[[ DATA PROVIDED open ]]
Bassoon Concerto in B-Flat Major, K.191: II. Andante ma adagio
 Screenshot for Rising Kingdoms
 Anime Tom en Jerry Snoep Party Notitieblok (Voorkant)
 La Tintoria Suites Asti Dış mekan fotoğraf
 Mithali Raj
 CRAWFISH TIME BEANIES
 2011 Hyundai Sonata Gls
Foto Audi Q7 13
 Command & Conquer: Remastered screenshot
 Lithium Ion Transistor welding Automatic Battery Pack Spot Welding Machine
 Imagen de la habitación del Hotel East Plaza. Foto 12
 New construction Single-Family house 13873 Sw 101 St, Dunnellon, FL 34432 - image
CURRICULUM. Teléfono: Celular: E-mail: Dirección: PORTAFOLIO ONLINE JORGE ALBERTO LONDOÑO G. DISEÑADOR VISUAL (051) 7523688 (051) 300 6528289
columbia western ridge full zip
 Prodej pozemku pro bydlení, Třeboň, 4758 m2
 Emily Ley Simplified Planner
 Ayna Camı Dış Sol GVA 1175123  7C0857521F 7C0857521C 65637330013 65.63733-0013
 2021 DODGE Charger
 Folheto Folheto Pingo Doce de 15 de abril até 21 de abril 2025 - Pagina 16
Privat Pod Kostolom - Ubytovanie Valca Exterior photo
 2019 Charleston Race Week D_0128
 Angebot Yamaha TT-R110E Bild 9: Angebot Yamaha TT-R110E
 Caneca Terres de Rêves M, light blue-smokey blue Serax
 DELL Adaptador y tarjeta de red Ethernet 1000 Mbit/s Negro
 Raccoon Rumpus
[[ DATA PROVIDED closed ]]
WHAT IS REQUIRED:
Your reply should be a verbatim retyping of the lines from the one that holds "Caneca Terres de" through the last line of the entries.

RESULT FOR THIS TASK:
 Caneca Terres de Rêves M, light blue-smokey blue Serax
 DELL Adaptador y tarjeta de red Ethernet 1000 Mbit/s Negro
 Raccoon Rumpus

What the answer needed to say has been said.